---------- RECORD EXCERPTS ----------
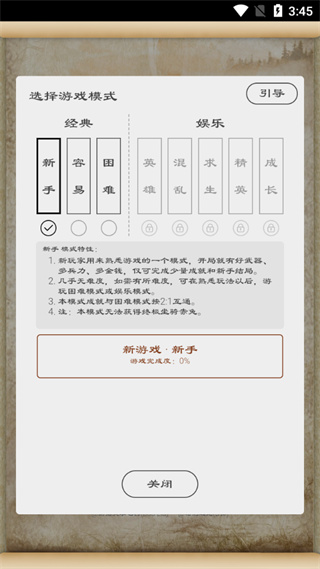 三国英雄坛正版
----------
---------- RECORD EXCERPTS ----------
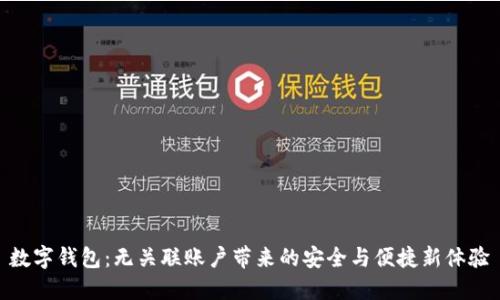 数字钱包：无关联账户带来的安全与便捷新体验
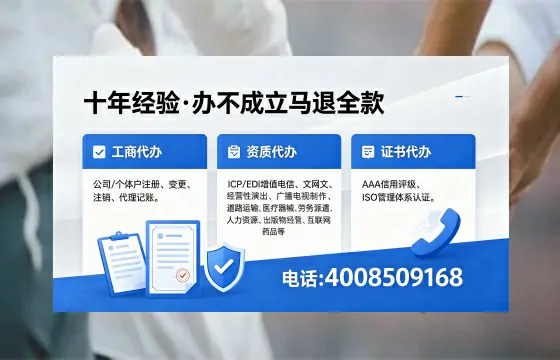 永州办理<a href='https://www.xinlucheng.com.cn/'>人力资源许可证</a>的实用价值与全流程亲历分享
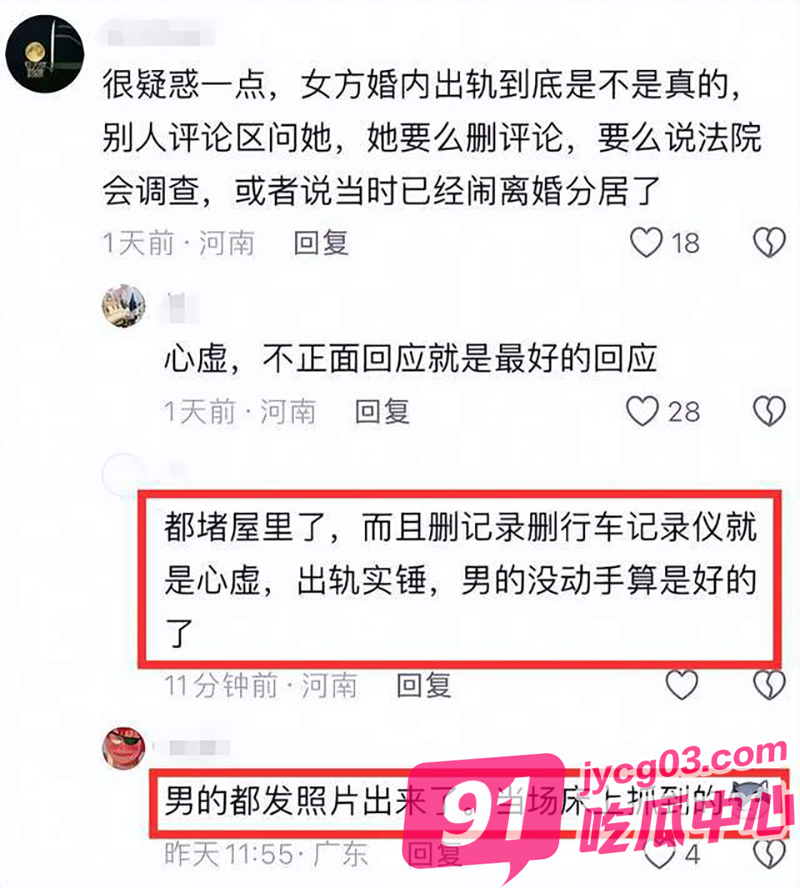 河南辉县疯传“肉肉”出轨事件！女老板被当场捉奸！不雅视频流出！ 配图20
----------
---------- RECORD EXCERPTS ----------
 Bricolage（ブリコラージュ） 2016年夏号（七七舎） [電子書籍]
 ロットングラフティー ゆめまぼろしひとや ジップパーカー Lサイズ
----------
- [ASSIGNMENT]: Look back at the entries above. Retype the line with "Bricolage（ブリコラージュ） 2016年夏号（七七舎） [電子書籍]", the line with "ロットングラフティー ゆめまぼろしひとや ジップパーカー Lサイズ", and all lines in between.

- [ANSWER TO THE EXERCISE]:
 Bricolage（ブリコラージュ） 2016年夏号（七七舎） [電子書籍]
 ロットングラフティー ゆめまぼろしひとや ジップパーカー Lサイズ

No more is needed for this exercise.